3.5.1 Principal Components Regression

Princinal component regression (PCR) forms the derived input columns \(z_m=\mathbf{X}v_m\) and then regresses \(\mathbf{y} \text{ on } \mathbf{z}_1,...,\mathbf{z}_M\) for some M <= p. Since the Z are orthogonal (3.61): \[ \hat{\mathbf{y}}_{(M)}^{pcr} = \overline{y}\mathbf{1} + \sum_{m=1}^M \hat{\theta}_m\mathbf{z}_m \]

where \(\hat{\theta}_m = \langle \mathbf{z}_m, \mathbf{y} \rangle / \langle \mathbf{z}_m, \mathbf{z}_m\rangle\). Since the \(\mathbf{z}_m\) are linear combinations of the original \(\mathbf{x}_j\), we can express in terms of coefficients of the \(\mathbf{x}_j\) (3.62):

\[ \hat{\beta}^{pcr}(M) = \sum_{m=1}^M \hat{\theta}_m v_m \]

TODO: proof

we first standardize the inputs.
Note that if M = p, we would get least squares estimates, since Z=UD span the column space of X.
PCR is very similar to ridge regression.

3.5.2 Partial Least Squares

Partial Least Squares (PLS) begins by computing \(\hat{\varphi}_{1j} = \langle \mathbf{x}_j, \mathbf{y} \rangle\) for each j.
Then we construct the derived input \(\mathbf{z}_1=\sum_j \hat{\varphi}_{1j} \mathbf{x}_j\), which the 1st partial least squares direction.
The outcome \(\mathbf{y}\) is regressed on \(\mathbf{z}_1\) giving coefficient \(\hat{\theta}_1\)
And then we orthogonalize \(\mathbf{x}_1,..., \mathbf{x}_p\) w.r.t \(\mathbf{z}_1\).
We continue this process until M <= p directions have been obtained.

Note: PLS produces orthogonal inputs(or directions) \(\mathbf{z}_1,...,\mathbf{z}_M\) and if M = p, we would get least squares estimates.

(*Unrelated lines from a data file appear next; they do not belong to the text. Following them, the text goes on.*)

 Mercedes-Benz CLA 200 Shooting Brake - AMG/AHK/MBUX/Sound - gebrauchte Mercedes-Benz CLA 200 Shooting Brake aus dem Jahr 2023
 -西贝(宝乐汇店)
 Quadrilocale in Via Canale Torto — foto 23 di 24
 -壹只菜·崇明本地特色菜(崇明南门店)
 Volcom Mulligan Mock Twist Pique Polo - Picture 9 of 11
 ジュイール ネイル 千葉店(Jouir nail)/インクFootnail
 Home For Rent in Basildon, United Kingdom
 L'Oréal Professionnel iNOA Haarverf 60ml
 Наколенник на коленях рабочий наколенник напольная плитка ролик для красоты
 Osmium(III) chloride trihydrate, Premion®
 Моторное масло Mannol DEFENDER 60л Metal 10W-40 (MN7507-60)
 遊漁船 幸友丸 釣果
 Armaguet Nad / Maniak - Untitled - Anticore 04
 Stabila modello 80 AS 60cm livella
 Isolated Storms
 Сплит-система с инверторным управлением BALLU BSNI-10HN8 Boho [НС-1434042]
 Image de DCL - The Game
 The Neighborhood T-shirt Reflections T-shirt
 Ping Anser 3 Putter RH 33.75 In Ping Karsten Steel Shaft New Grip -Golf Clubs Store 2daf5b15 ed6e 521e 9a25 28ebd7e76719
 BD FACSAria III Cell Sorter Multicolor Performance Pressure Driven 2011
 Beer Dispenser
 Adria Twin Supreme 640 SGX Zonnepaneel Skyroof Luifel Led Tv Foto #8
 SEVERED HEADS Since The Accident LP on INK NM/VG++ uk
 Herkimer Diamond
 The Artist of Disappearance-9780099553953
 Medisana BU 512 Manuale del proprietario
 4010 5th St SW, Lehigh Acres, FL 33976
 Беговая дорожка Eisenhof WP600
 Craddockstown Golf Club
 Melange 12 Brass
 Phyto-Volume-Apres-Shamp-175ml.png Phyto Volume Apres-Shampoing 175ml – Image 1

# Algorithm 3.3 Partial Least Squares.
import numpy as np
import pandas as pd
from scipy import stats

df = pd.read_csv('../data/prostate/prostate.data', delimiter='\t', index_col=0)
mask_train = df.pop('train')
df_y = df.pop('lpsa')

train_x = df[mask_train == 'T']
train_y = df_y[mask_train == 'T']

train_x_centered = train_x - train_x.mean(axis = 0)
train_x_centered /= np.linalg.norm(train_x_centered, axis=0)
train_y_centered = train_y - train_y.mean()

def PLS(X, y):
    X = X.copy()
    y = y.copy()

    n, p = X.shape
    y_fit = y.mean() * np.ones(n)
    Z = np.zeros_like(X)
    theta = np.zeros(p)
    
    for m in range(p):
        for j in range(p):
            phi = np.dot(X[:, j], y)
            Z[:, m] += phi * X[:, j]

        theta[m] = np.dot(Z[:, m], y) / np.dot(Z[:, m], Z[:, m])
        y_fit += theta[m] * Z[:, m]
        
        for j in range(p):
            X[:, j] -= np.dot(Z[:, m], X[:, j]) / np.dot(Z[:, m], Z[:, m]) * Z[:, m]
    return y_fit

y_fit = PLS(train_x_centered.values, train_y_centered.values)
train_error = np.mean((y_fit - train_y_centered) ** 2)
print('Train error: ', train_error)

Train error:  0.43919976805833433

It can be shown that PLS seeks directions that have high variance and have high correlation with the response. The mth PLS direction \(\hat{\varphi}_m\) solves:

\[ \begin{equation} max_\alpha Corr^2(\mathbf{y}, \mathbf{X}\alpha)Var(\mathbf{X}\alpha)\\ \text{ subject to } \| \alpha \| = 1, \alpha^T\mathbf{S}v_l = 0, l = 1, ..., m - 1 \end{equation} \]